WORK INSTRUCTION ▸
Print out the entries from the line containing "Close-up of the" through the last line, exactly, and print nothing else. Pictures are not copied.

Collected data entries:
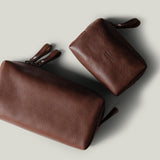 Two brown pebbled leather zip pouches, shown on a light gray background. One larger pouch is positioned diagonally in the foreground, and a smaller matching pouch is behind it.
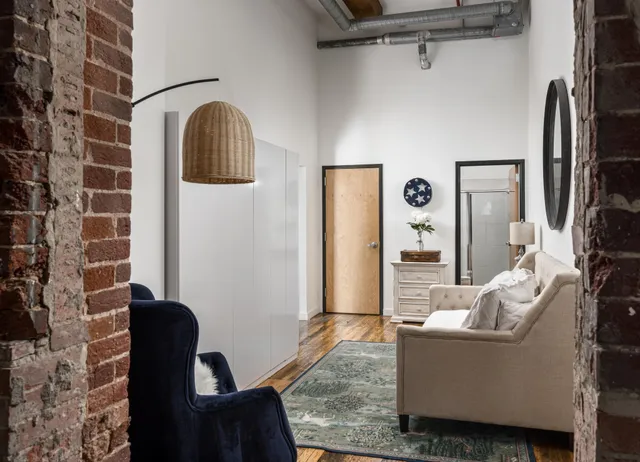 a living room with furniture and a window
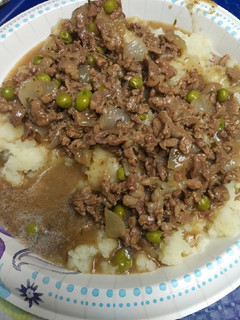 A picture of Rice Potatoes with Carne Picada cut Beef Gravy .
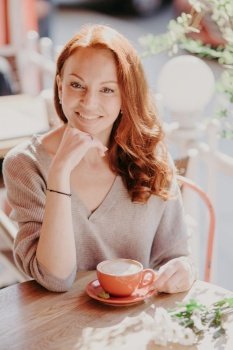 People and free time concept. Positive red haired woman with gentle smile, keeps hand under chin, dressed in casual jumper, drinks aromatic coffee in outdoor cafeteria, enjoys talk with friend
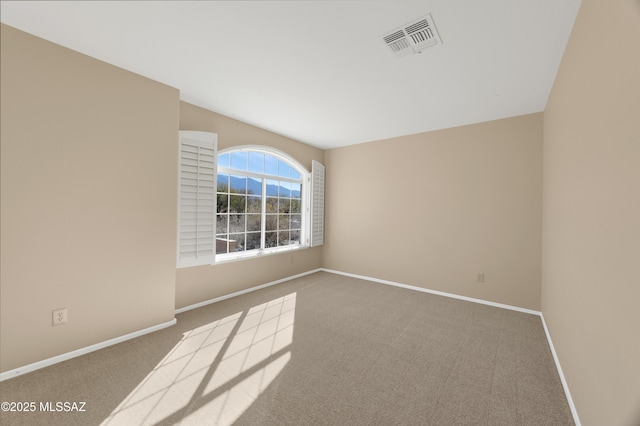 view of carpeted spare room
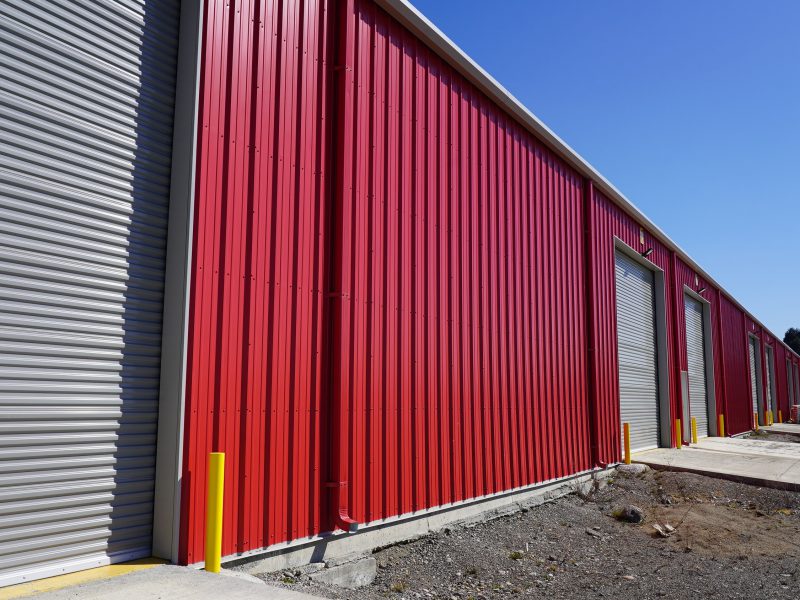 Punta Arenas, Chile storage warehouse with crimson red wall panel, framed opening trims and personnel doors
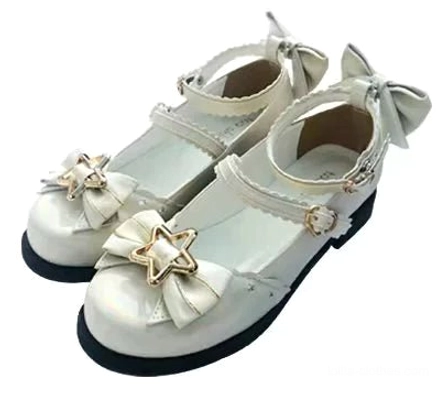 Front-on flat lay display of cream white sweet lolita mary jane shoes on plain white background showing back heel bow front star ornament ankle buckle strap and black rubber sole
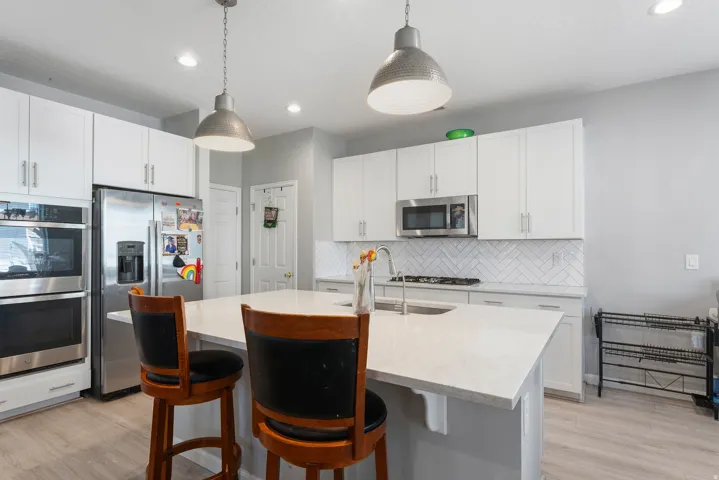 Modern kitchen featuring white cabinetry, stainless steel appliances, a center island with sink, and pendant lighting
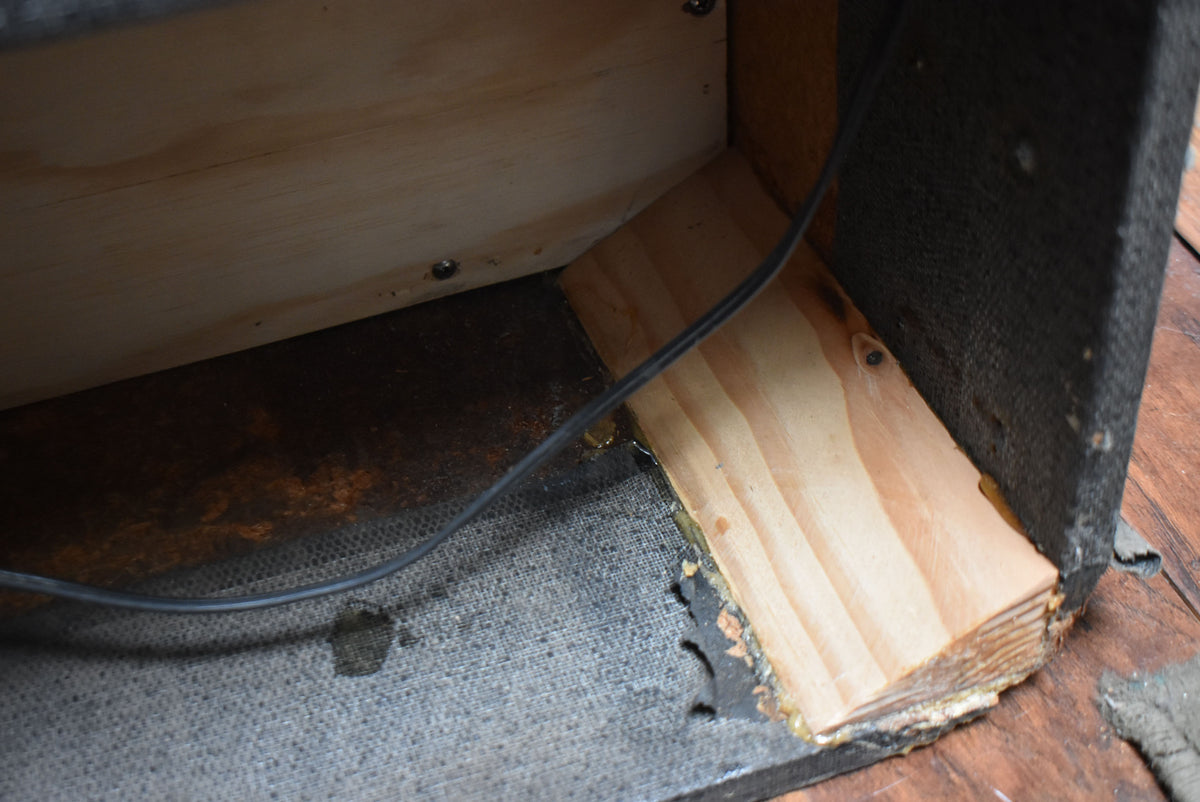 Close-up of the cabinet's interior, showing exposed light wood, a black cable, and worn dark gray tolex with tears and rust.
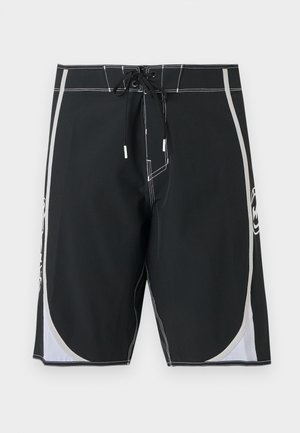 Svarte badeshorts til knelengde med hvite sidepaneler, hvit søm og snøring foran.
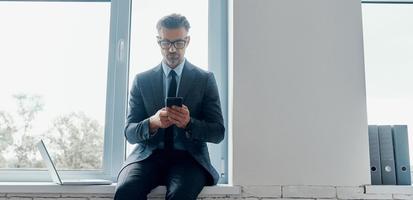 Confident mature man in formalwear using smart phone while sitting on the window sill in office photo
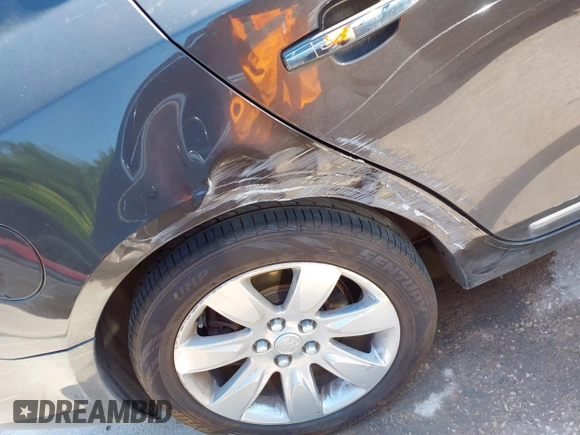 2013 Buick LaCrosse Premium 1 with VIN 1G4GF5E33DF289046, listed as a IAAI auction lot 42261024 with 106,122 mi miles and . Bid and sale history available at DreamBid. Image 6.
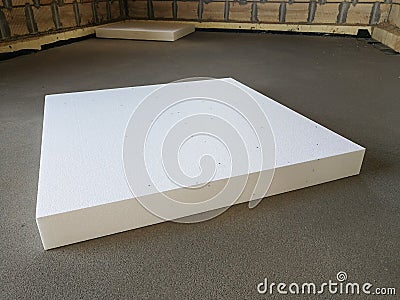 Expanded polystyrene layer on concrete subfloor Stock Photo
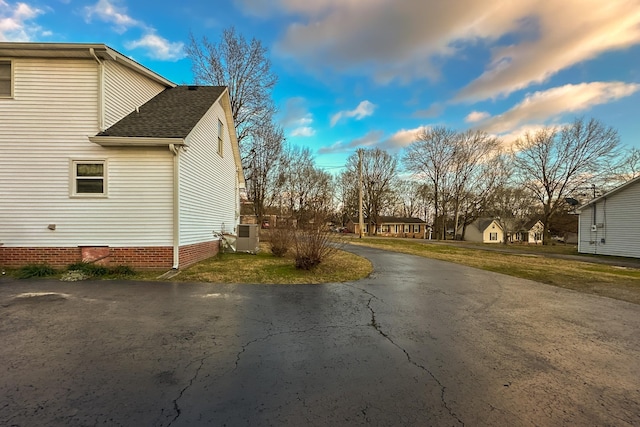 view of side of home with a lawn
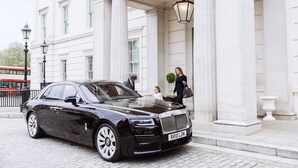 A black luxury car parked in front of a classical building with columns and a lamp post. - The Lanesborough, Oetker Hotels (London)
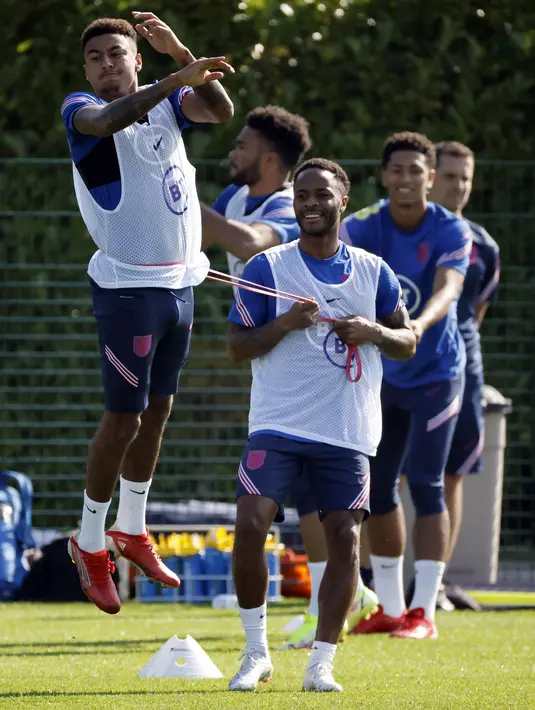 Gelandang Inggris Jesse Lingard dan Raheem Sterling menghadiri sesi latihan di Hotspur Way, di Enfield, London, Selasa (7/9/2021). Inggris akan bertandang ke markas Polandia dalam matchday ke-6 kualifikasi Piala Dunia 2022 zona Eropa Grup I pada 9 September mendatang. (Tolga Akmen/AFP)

YOUR SOLUTION ▸
 Close-up of the cabinet's interior, showing exposed light wood, a black cable, and worn dark gray tolex with tears and rust.
 Svarte badeshorts til knelengde med hvite sidepaneler, hvit søm og snøring foran.
 Confident mature man in formalwear using smart phone while sitting on the window sill in office photo
 2013 Buick LaCrosse Premium 1 with VIN 1G4GF5E33DF289046, listed as a IAAI auction lot 42261024 with 106,122 mi miles and . Bid and sale history available at DreamBid. Image 6.
 Expanded polystyrene layer on concrete subfloor Stock Photo
 view of side of home with a lawn
 A black luxury car parked in front of a classical building with columns and a lamp post. - The Lanesborough, Oetker Hotels (London)
 Gelandang Inggris Jesse Lingard dan Raheem Sterling menghadiri sesi latihan di Hotspur Way, di Enfield, London, Selasa (7/9/2021). Inggris akan bertandang ke markas Polandia dalam matchday ke-6 kualifikasi Piala Dunia 2022 zona Eropa Grup I pada 9 September mendatang. (Tolga Akmen/AFP)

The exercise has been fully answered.